For Half A Century, This Unassuming Rifle Has Made It Easy For Owners To Teach An Old Dog New Tricks

STORY AND PHOTOGRAPHS BY TOM CLAYCOMB

I’m convinced that the Ruger 10/22 is the most popular .22 rifle of all time. Not only is it a great little rifle right out of the box, but there are probably a million aftermarket items available that enhance its functionality even further, making it the most “trick-out-able” gun on the market.

Now, your vote may be swayed by the current AR platform rage, but that involves multiple calibers and brands. I’m talking about the most popular single gun, and the Ruger 10/22 owns that honor, hands down.

Not bad for a rifle that first hit the market in 1964.

The 10/22 became my go-to rifle pretty quickly. How could I not love it? It’s extremely dependable, accurate and, as I mentioned, you can trick it out as much as you want. But it was my quest to hunt the elusive whistle pig (which in southern Idaho, where I shoot, refers to a Townsend’s ground squirrel) that led me to desire a higher level of accuracy, which in turn led to this article.

I love hunting varmints in the spring, and on good days I’ll shoot 400 to 500 rounds at these ornery targets. But if you’re like me when shooting hundreds of rounds using a gun with a small capacity clip, you’ll get frustrated, and I mean fast. In fact, it’s easy enough to get frustrated if you don’t have two or three fully stocked 25-shot banana clips on hand.

As my experience progressed, it got to be fun to see how far out I could hit whistle pigs. I hit one a year or so ago at 197 yards, and then another at 207 yards. If they hold still and let you get three shots to zero in, you can hit them out there. Of course, the gale-like winds we encounter regularly out on the high plains here in Idaho don’t help with long-range shooting.

To determine which item helped my accuracy and how much, I shot first with the plain 10/22 and economical scope, then I added the VX2 Leupold and shot it again, added the Timney trigger and shot, and then the Brownells barrel and Boyd stock. At each step I measured groups.

I noticed that while sighting in with a new scope, I’d have one or two fliers out of a 10-round group. Then, when I listened good, I observed that there’d be a difference in the loudness or volume of the report, which meant it had a little less powder than the previous shot.

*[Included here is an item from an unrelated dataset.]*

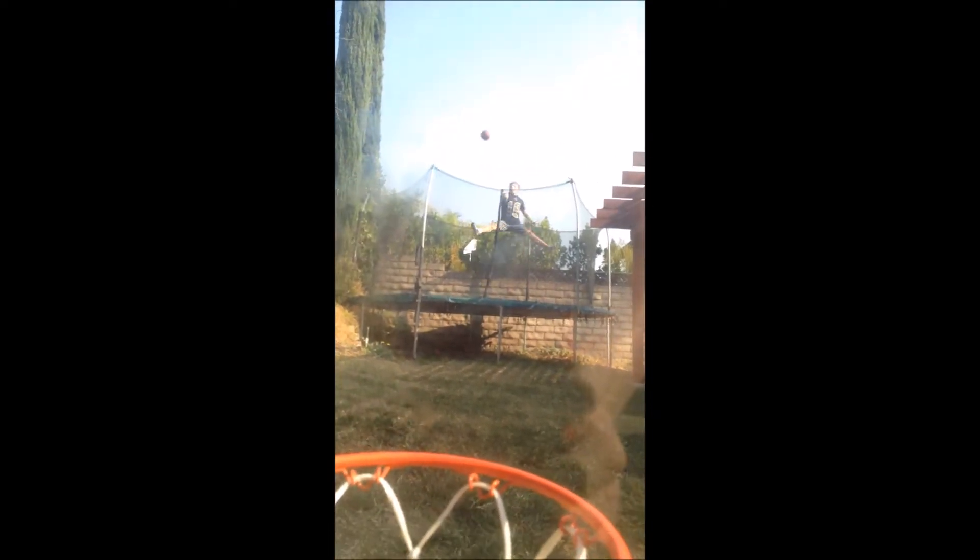This is the trampoline shot. He made it! We are super excited right now. My brother just made a trampoline shot, which I'm really pumped about.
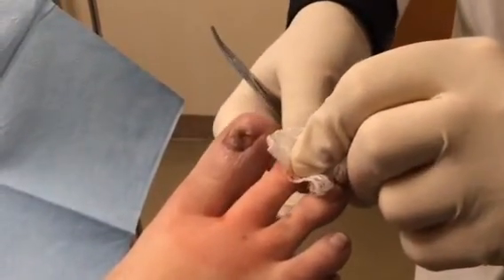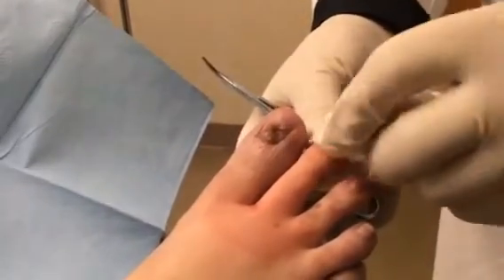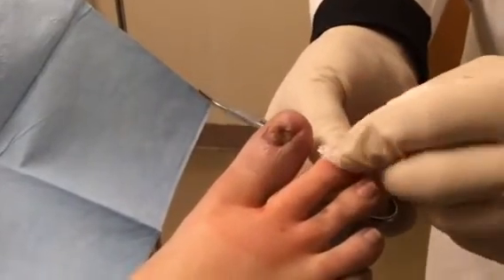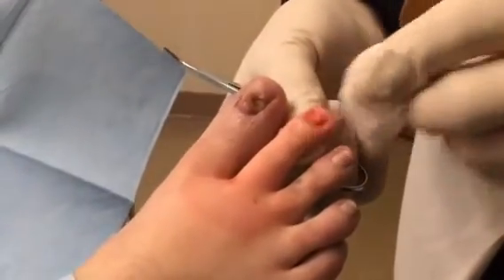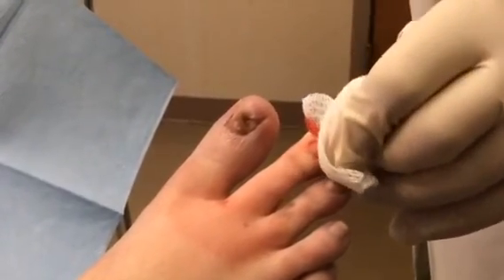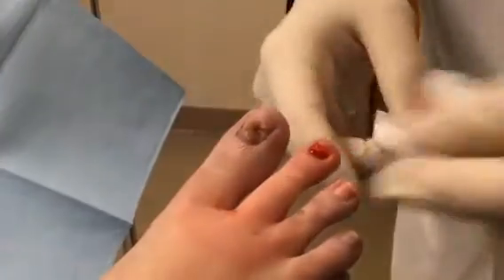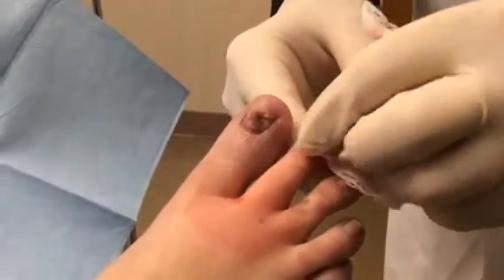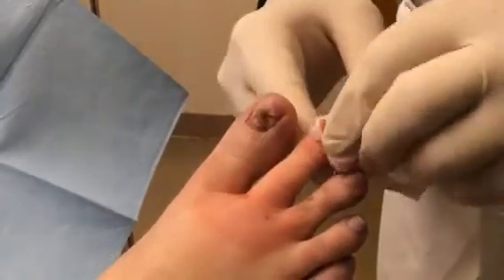So we're going to go ahead and bandage this up — it'll be a kind of a big bandage, like on our permanent nail removals. The exception being it should only take a week or less to heal, as opposed to a permanent removal which takes about a month. We're going to put some cream on this, some antibiotic, a big bandage including some Telfa, which is so that it doesn't stick. That's really important because if you put gauze directly on it, when you go to remove it, it's going to stick. We'll see how this one does in a few weeks and get that dead skin taken care of on that one.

I then begin to doubt the ammo more than my shooting ability, a conclusion that was confirmed when my buddy told me that even with good ammo, match shooters weigh their bullets and kick out those with the highest and lowest weights. I also shot his tricked-out 10/22, and although I thought he might have gone a little overboard with his, it got me thinking about which steps I should take with mine to achieve a higher level of accuracy.

In other words, which items helped me and which ones did not?

TRICKY, TRICKY

Hunting whistle pigs requires a scope because they’re small targets. You may have to take head shots when they pop out of their holes, so I didn’t begin this test using open sights. In fact, with a cheap scope and Remington ammo I was already getting between .65-inch and 1.0-inch groups at 25 yards. Then I shot some Eley ammo and got my groups
down to .4 inches.

Installing a Timney trigger is very easy. Remove the one screw holding on the stock and remove the stock. Many times the pins holding in the trigger will fall out, but if not, push them out. Install the trigger, replace the pins and remount the stock. That’s it.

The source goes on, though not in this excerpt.